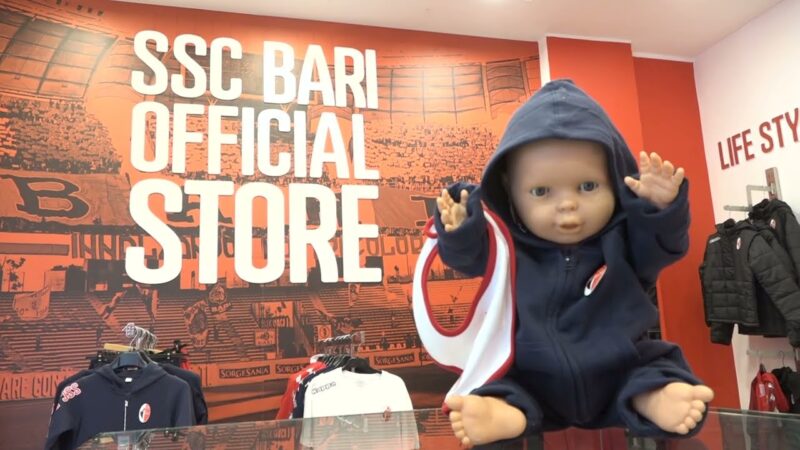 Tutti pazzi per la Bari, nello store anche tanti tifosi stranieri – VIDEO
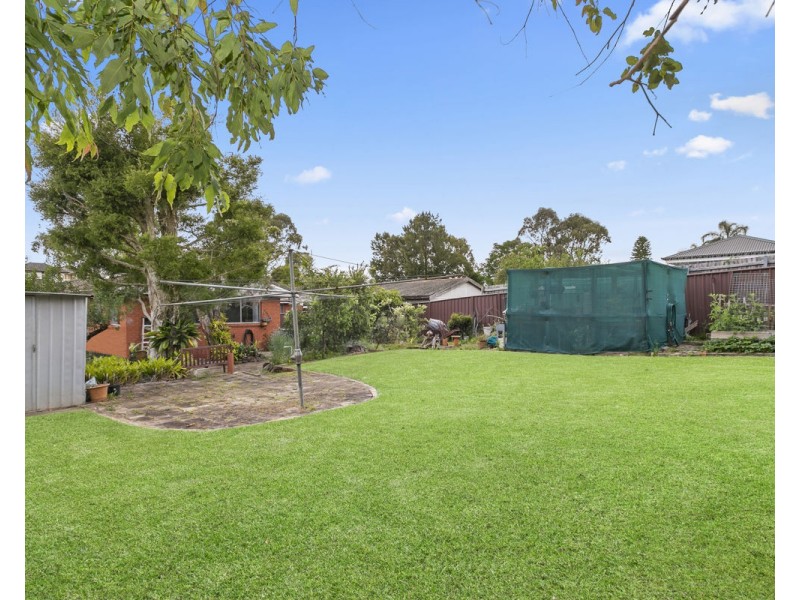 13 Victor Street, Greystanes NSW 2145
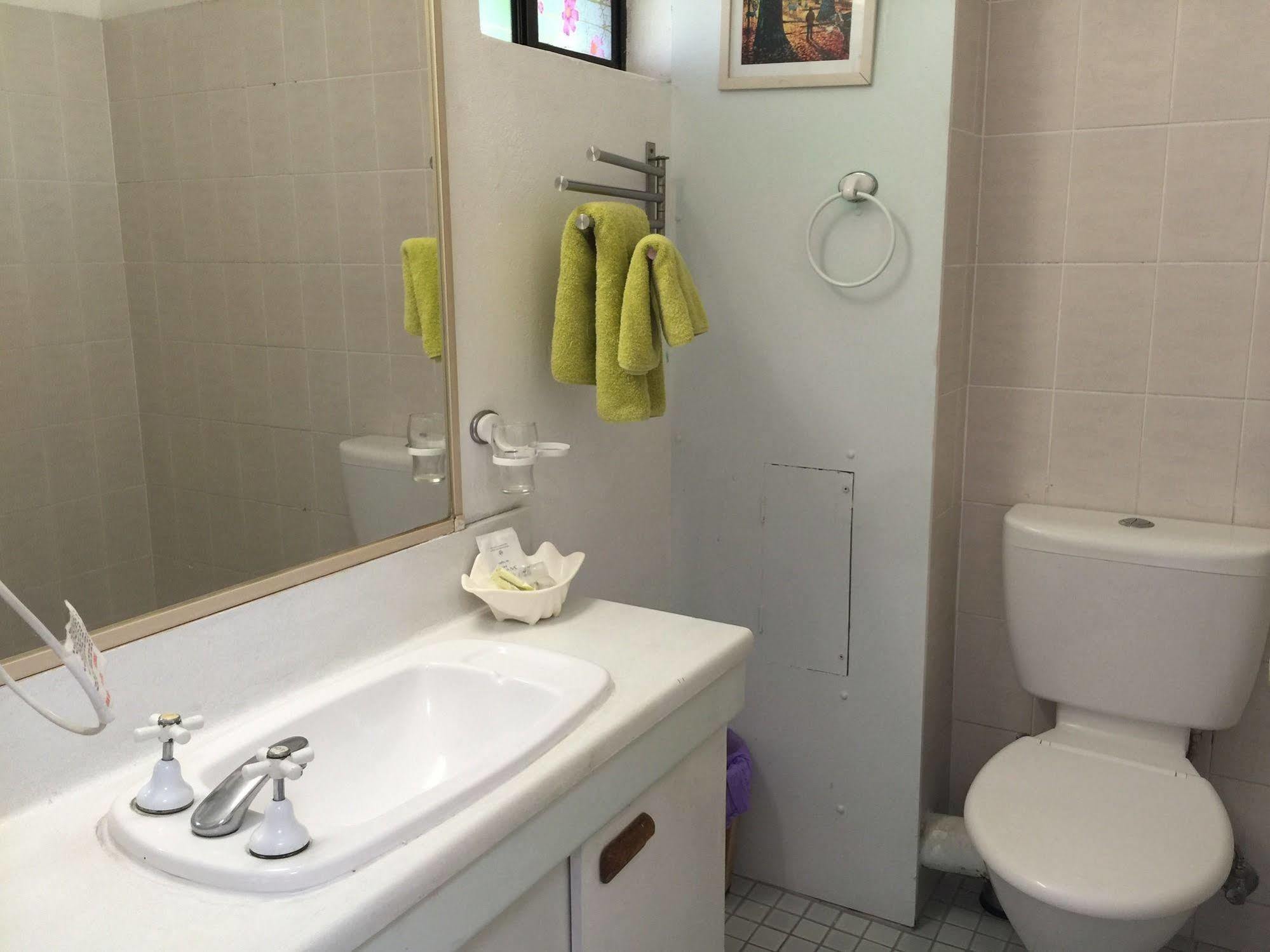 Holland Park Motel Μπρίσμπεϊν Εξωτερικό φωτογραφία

* * * * *

--- Goal of the exercise ---
The required output is every line from the one containing "13 Victor Street, Greystanes NSW 2145" through the last line of the data above, restated exactly and without pictures.

--- Task solution ---
 13 Victor Street, Greystanes NSW 2145
 Holland Park Motel Μπρίσμπεϊν Εξωτερικό φωτογραφία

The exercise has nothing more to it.